[Input data — start]

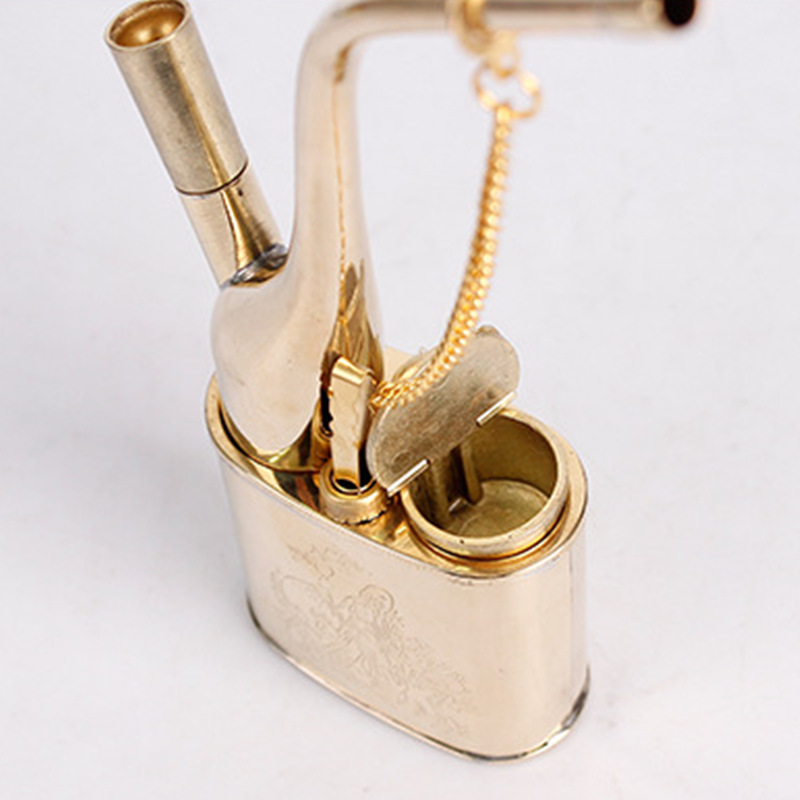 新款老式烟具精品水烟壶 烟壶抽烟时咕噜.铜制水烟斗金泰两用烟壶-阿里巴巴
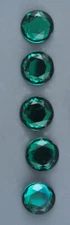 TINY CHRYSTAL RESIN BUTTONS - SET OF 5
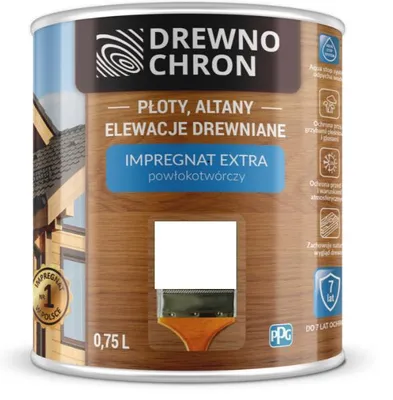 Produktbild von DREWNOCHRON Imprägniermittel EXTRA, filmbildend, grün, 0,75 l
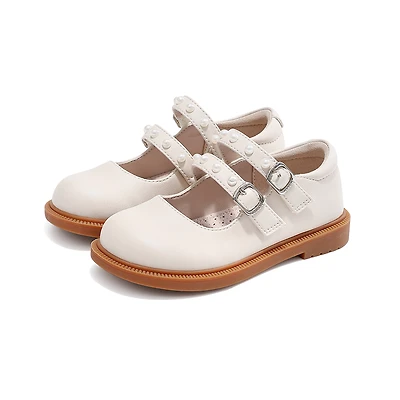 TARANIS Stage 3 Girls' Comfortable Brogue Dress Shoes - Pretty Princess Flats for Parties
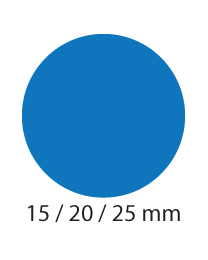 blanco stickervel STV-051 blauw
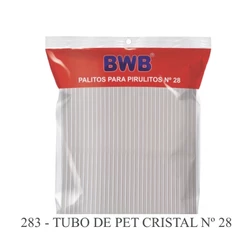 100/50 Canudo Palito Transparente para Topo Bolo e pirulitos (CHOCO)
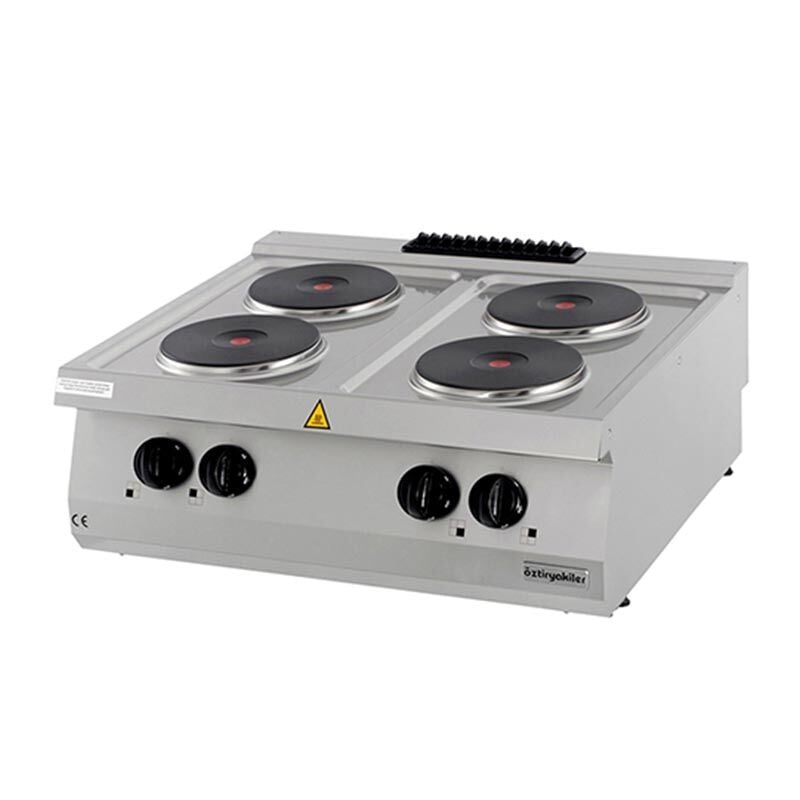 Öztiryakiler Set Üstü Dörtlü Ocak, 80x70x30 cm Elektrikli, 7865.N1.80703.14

[Input data — finish]

→ Problem description
Without any pictures, reproduce exactly the lines from the line that contains "Produktbild von DREWNOCHRON" to the end of the entries above, both ends included.

→ Answer box
 Produktbild von DREWNOCHRON Imprägniermittel EXTRA, filmbildend, grün, 0,75 l
 TARANIS Stage 3 Girls' Comfortable Brogue Dress Shoes - Pretty Princess Flats for Parties
 blanco stickervel STV-051 blauw
 100/50 Canudo Palito Transparente para Topo Bolo e pirulitos (CHOCO)
 Öztiryakiler Set Üstü Dörtlü Ocak, 80x70x30 cm Elektrikli, 7865.N1.80703.14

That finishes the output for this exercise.